Alejandra Seeber quiere ser la pintora más divertida del mundo. O al revés, meter toda la diversión del mundo dentro de sus pinturas y hacerlas colapsar de incongruencia. Sus muestras son desparramos de chistes. Sus títulos pueden recordar un tango (Pedazo de cielo) o una bebida saborizada (Levite). Su página de internet es la más graciosa desde la época de Geocities. Y su sentido del juego, como Geocities, no es de este siglo. Su juego es el de Cendrars y Jarry, Macedonio y Kippenberger. Pero tanto juego podría parecer que pesa. ¿Cómo seguir jugando después de ellos? A Seeber además la rodean los prejuicios sobre la artista que se fue a trabajar a Nueva York para ponerse seria, para jugar el póker de los adultos. Aunque hasta Nueva York para ella es divertido, un póker en el que las cartas no hacen caso y malinterpretan las órdenes de los jugadores para hacerles pasar un mal rato. Su manifiesto podría ser la declaración de Paris Hilton después de pasar música en una fiesta en Punta del Este o Dubai: “So Much Fun”.

TAXI!, 2015.

Referencias a la cultura pop y a pintores famosos llenan la mochila de Seeber, bastante más armada que la de la ex mejor amiga de Britney Spears. El título de la muestra, Autoamerican, está tomado de un álbum de Blondie. ¿Más contenido rockero explícito? La pared de ladrillos blancos del disco de Pink Floyd de 1979 que Seeber reversiona con minucia juguetona y líneas que van cambiando del azul al siena. Parece que cada vez que aprieta el pomo le acanza para pintar un número delimitado de ladrillitos y después no se preocupa por formar el mismo tono. En el extremo superior del ancho borde izquierdo de la tela (Seeber usó lino en toda la muestra, preparado de distintas formas) se puede ver un sutil brochazo más agrisado sobre el blanco. Nada le dura mucho, cualquier decisión es condicional: en la radio cambia la canción, la luz del día también cambia. Los reflectores se prenden hacia las cinco y media de la tarde en la galería de La Boca y una aureola boba de luz amarilla cae sobre los cuadros. El teatro de intenciones pasajeras y recálculos forma parte del acervo de actitudes pictóricas de Alejandra Seeber, y la falta de reglas es compatible con el exceso de reglas: son las “estrategias del bardo” que menciona Santiago Rial Ungaro en uno de los textos que acompaña la muestra. “Mezclar todo lo que se le ocurra del modo que se le venga a la gana y cuando quiera.”
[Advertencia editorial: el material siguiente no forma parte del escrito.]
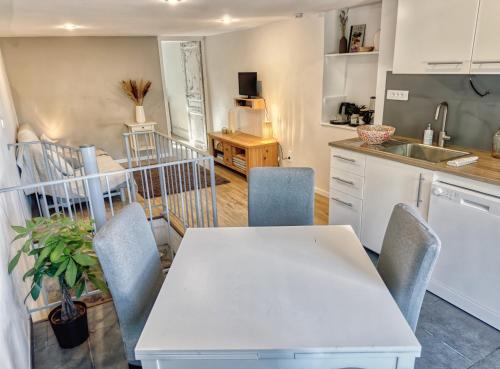 a kitchen with a white table and chairs at Gîte dans Bastide Provençale, Piscine & Sauna in Auriol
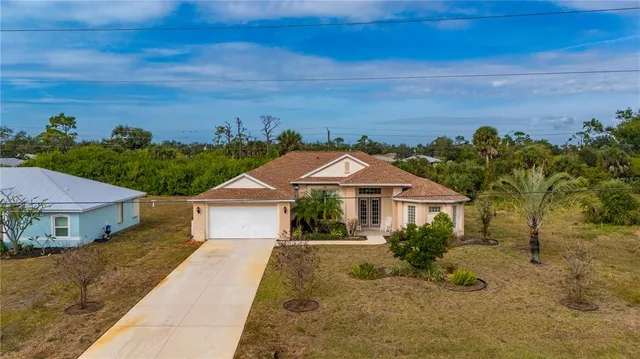 an aerial view of a house with a yard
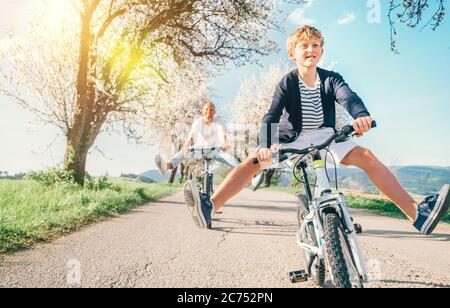 Father and son having fun spreading wide legs when riding bicycles on country road under blossom trees. Healthy sporty lifestyle concept image. Stock Photo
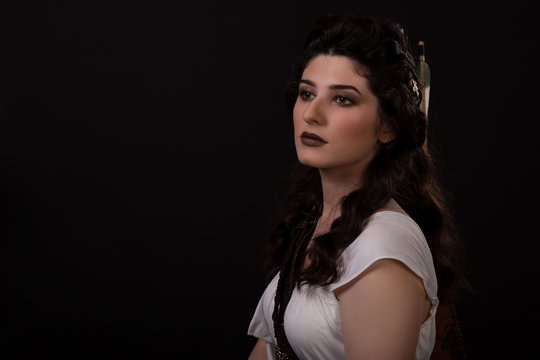 Close-up portrait of a archer woman in white dress on black background. Greek goddess Artemis. Studio photo shoot. Professional makeup and hairstyle for a brunette with long dark hair. Young woman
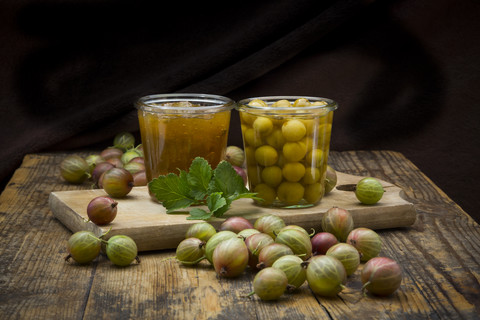 Jar of gooseberry jam, gooseberries and glass of preserved gooseberries on wood stock photo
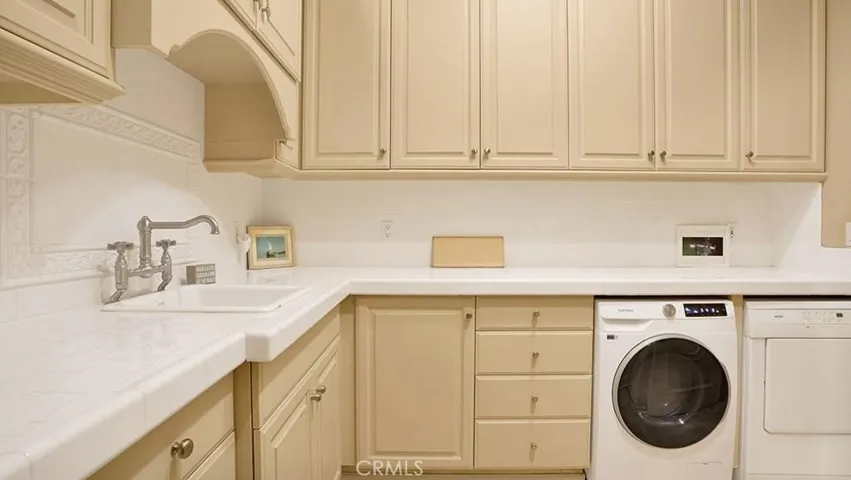 Laundry room. Spacious, with two dryers, lots of storage and countertop space and sink.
Su encare, su juego frente a la tela, la proxémica tanguera y boxeadora a veces un poco ansiosa que lleva al espectador todo a lo ancho de los pisos de la galería cubiertos con canteros y un patrón de círculos dorados sugiere el capricho en dosis altas pero solo a través del trabajo concentrado sobre el material: cada cuadro es una pequeña cumbre de ideas y soluciones. Los distintos tonos que convergen en el centro de la pared de Pink Floyd (“Bricks”, se llama) le dan al muro profundidad, un encastre interdimensional y poroso. Todo está hecho de muchas cosas distintas: incluso dentro de una pared hay distancias, aperturas, puertas que una partícula lo suficientemente pequeña puede pasar sin llamar la atención.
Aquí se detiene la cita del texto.